In the HopKins Black Box, Sept. 18 marks the first guest performance of the semester. The audience will sit, traditionally, facing the performer but that isn’t always the case — sometimes they surround him or her, sometimes the performer will change positions throughout the show and at other times there isn’t a conventional stage at all.
Such is the way of life inside a black box theater, a marked departure from a more traditional theatrical structure. Dr. John LeBret, who directs the theater, and sits on the Advisory Board that approves the shows each season, said a black box as a device that “came out of the ’60s, when there was lots of experimental theatre going on, both in America and Europe.”
“The HopKins Black Box is a performance space as well as a classroom, and we think of it as a laboratory as well,” LeBret said. The space is dedicated to Dr. Mary Frances HopKins, whose efforts brought the Black Box into being in 1992, and whose outstanding work the space was renamed for in 2002.
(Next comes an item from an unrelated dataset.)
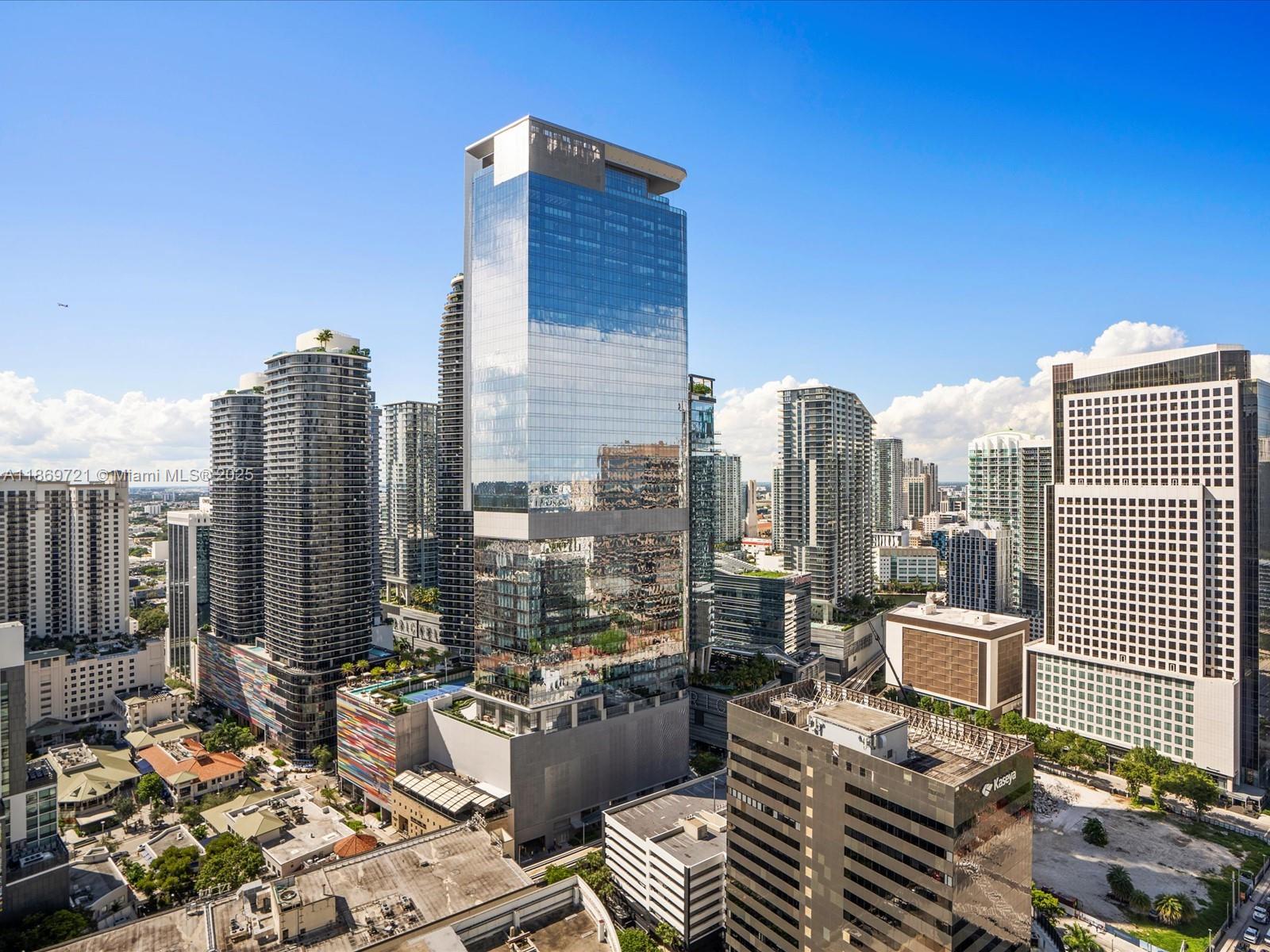 951 Brickell Ave #3707, Miami FL 33131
Demonstrating a continued effort to collaborate with departments at other universities, HopKins will play host Thursday to Nico Wood, a performance studies Ph.D. candidate at Southern Illinois University. Wood, whose dissertation looks at experimental art forms, especially in film and theater, will be performing her one-woman show, “Sideshow,” first staged at Southern Illinois while she was still in coursework.
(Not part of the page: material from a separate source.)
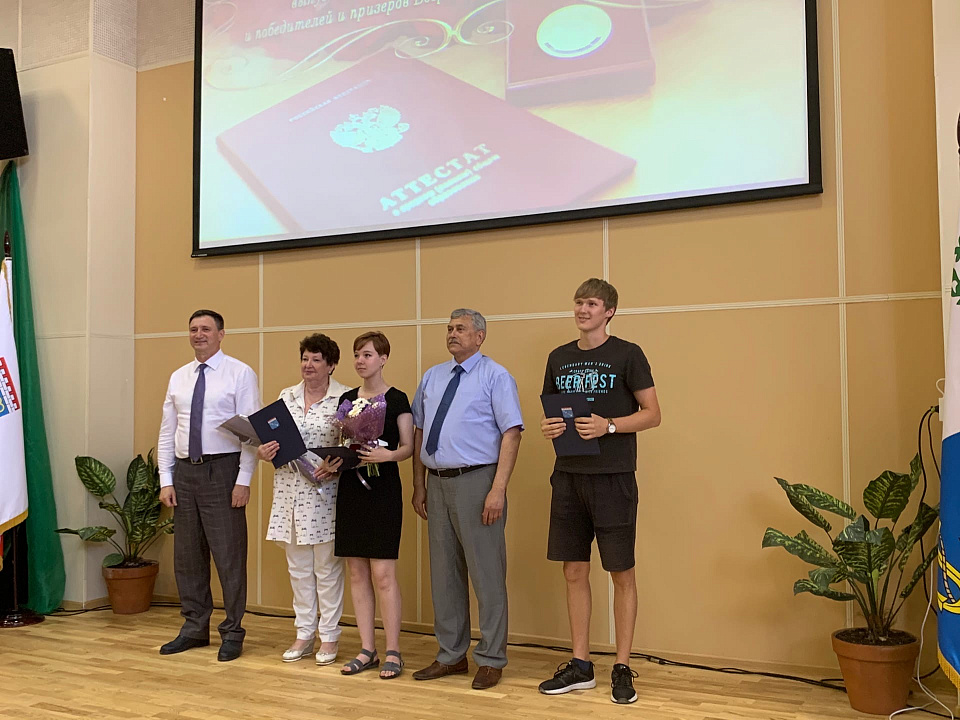 Выпускников школ Ломоносовского района наградили медалями "За особые успехи в учении"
“This show tells the story of my great-great-grandmother, the trapeze artist; my great-grandmother, a burlesque dancer; my grandmother, who was a jazz dancer; and my mother, who traveled with a carnival sideshow,” Wood said, citing the work as primarily being an exploration of her own cultural background.
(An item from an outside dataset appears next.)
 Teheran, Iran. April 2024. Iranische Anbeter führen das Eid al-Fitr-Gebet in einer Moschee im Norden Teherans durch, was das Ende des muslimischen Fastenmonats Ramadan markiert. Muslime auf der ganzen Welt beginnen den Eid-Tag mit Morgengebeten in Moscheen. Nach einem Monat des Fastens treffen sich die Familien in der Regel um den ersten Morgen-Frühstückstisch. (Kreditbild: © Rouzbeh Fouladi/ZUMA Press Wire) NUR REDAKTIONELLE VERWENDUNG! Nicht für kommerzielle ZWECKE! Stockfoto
“I definitely never knew the full extent of the story. From just a few scraps… I’m kind of piecing together an entire story,” she said.
LeBret praised Wood’s show.
“When you think about one person, standing there talking about her family, you would think it’d be boring, but… it’s phenomenal,” LeBret said.
For University students and faculty, the process required to produce a show in the Black Box can be taxing, as they must first make a presentation to the Advisory Board.
“Usually, because it is a lot of work, candidates who present their work are faculty, but in the past we have had undergraduates present and eventually produce their work,” LeBret said.
Notably, this season will be the first at HopKins Black Box to include a holiday show, titled “On a Snowy Evening,” which LeBret will directed.